I'll start with the properties of light. Light always moves at the same speed to every observer, regardless of your frame of reference. This is not how ordinary matter works. If someone throws a ball at you at 20 m/s and you run away from them at 5 m/s, the ball will appear to be moving towards you at only 15 m/s. This is just common sense.
Now if they fire a laser at you at light-speed, and you fly away in a spaceship at half the speed of light, you would expect the laser to follow you at half the speed of light. But it doesn't. It still moves towards you at exactly the speed of light, whether you're running away or running towards it. This has some clear contradictions to it, but bear with me for a while.

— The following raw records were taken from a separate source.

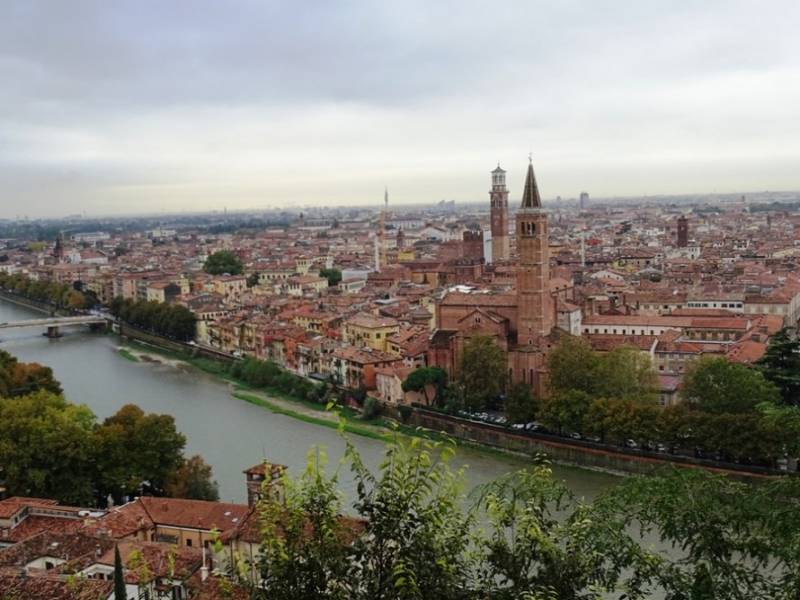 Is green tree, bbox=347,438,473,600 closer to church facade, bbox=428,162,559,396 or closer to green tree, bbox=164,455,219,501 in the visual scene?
green tree, bbox=164,455,219,501

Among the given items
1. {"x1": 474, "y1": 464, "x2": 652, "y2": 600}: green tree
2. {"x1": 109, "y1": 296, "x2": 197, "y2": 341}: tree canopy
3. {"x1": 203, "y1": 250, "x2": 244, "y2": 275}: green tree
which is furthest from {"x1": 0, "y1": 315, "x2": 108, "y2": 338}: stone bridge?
{"x1": 474, "y1": 464, "x2": 652, "y2": 600}: green tree

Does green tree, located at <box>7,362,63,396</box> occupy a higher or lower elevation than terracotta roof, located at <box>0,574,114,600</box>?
lower

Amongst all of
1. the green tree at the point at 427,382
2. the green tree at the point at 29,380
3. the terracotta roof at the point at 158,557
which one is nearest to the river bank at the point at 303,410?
the green tree at the point at 427,382

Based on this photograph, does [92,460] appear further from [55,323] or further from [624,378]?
[55,323]

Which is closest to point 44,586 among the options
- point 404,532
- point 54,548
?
point 54,548

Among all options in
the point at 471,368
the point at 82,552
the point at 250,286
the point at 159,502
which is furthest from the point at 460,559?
the point at 250,286

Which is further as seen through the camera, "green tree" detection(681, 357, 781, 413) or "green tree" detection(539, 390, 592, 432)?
"green tree" detection(539, 390, 592, 432)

Here's some other important ideas in relativity
1. When you're on a train with the windows boarded up, no noise, and no bumps on the track, you have no idea what speed you're going. You could be motionless or you could be going at half the speed of light. The inside of the train is always the same regardless of its speed.

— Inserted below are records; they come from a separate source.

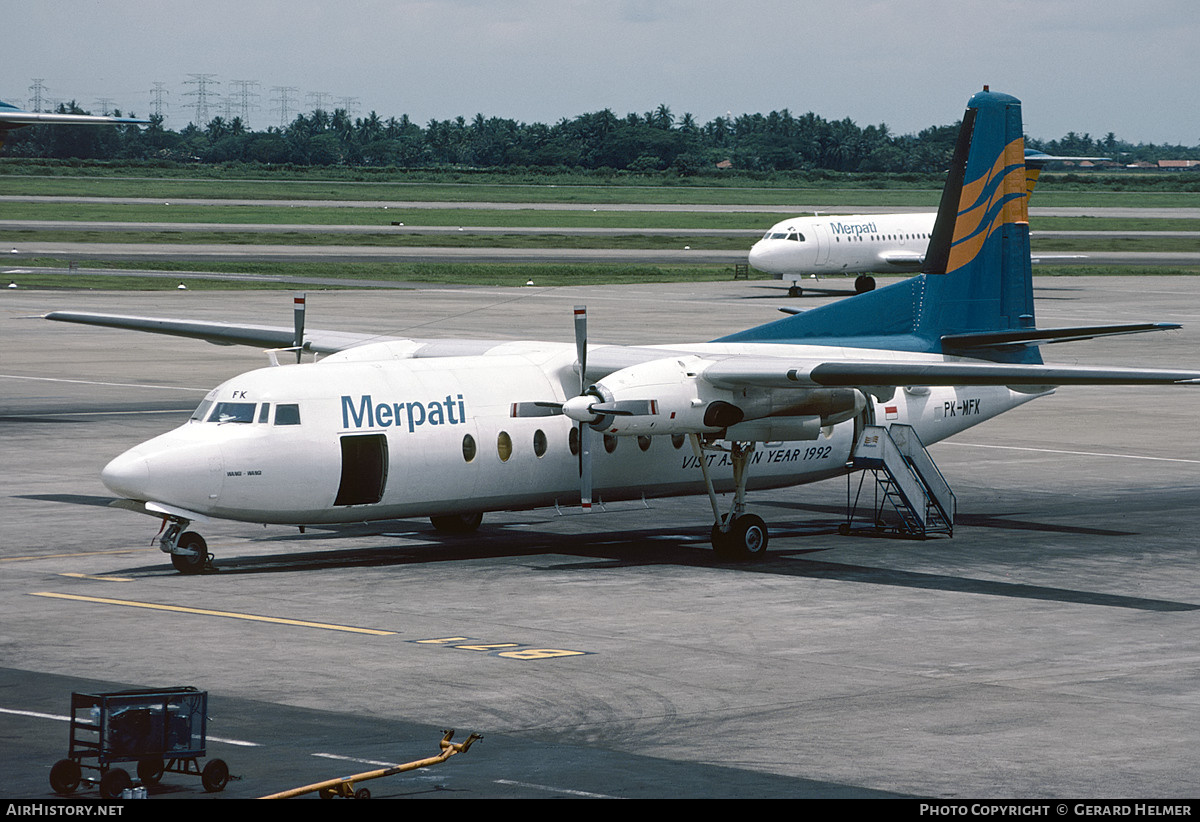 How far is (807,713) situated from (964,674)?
257 centimetres

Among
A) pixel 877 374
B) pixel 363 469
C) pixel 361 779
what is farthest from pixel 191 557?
pixel 361 779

2. When you move away from someone, it looks like they're moving away from you. Similarly, they think you are moving away from them. In fact, both are correct.
Now this is the tricky bit. Imagine a "light clock", where a photon bounces up and down between two parallel mirrors. When the photon hits the top, the clock "ticks" and when it hits the bottom, it "tocks". Let's say that one tick counts as one second. Here's a diagram: (sorry about the dots, I need them to stop the diagram from falling apart :wink:)

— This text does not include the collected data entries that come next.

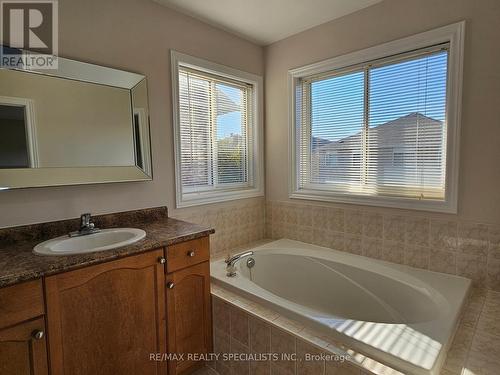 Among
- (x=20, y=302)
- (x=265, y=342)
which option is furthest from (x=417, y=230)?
(x=20, y=302)

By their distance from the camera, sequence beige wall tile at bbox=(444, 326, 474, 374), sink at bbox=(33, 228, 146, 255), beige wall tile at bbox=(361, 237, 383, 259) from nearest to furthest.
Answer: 1. beige wall tile at bbox=(444, 326, 474, 374)
2. sink at bbox=(33, 228, 146, 255)
3. beige wall tile at bbox=(361, 237, 383, 259)

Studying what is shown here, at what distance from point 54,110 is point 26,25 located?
47 centimetres

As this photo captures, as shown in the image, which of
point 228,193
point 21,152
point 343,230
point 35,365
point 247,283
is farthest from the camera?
point 228,193

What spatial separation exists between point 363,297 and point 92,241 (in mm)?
1885

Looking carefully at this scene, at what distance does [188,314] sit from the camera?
1.73 m

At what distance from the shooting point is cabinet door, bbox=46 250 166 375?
4.08ft

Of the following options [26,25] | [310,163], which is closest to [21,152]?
[26,25]

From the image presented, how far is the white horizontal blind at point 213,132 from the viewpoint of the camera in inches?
94.3

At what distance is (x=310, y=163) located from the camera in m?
2.77

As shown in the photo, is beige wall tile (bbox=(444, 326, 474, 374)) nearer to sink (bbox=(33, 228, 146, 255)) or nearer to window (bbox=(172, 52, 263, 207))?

Path of photon relative to clock:
______
..../\.....
.....|.....
.....|.....
.....o.....
.....|.....
.....|.....
__\/___
Now what happens if we slide the light clock across the table at a high speed?
Path of moving clock:
.______.....>>>>...______.....>>>>...______
....................................................................
..................................o................................
....................................................................
....................................................................
....................................................................
.....o........................................................o....
.______.....>>>>...______.....>>>>...______
Now when we trace the path of the photon relative to the observer, we get a zigzagging pattern. The Pythagoras theorum tells us that this path is longer than the path of the photon in the stationary clock.
Path of photon relative to an observer:
...............o..............o
............./...\.........../..
........._/.......\......_/...
........./|......._\/..../|...
......./..............\../......
.....o.................o.......
(The lines in the middle are supposed to be arrows, by the way)
Now we know that
a) Light travels at the same speed relative to the observer as it does relative to the clock.
b) The clock is always the same on the inside, whether moving or not, so the distance the photon travels should be the same as in the stationary clock.
So we have the following problem:
To the obsever, the photon is moving a greater distance than inside the clock, but at the same speed.
Now speed = distance / time, and we are increasing the distance.
So to keep the speed of the photon constant, we have to slow down time inside the moving clock.
This is the fundamental result of special relativity, and it applies to every object, not just light clocks.
Time always slows down for an object in motion.
Sorry if I've got anything wrong, please tell me if you've studied relativity before and I've left something out. I find that when I read an explanation of relativity, I understand it perfectly for about 5 minutes. Then I forget some important detail from the explanation, inconsistencies start cropping up, and I have to read it again.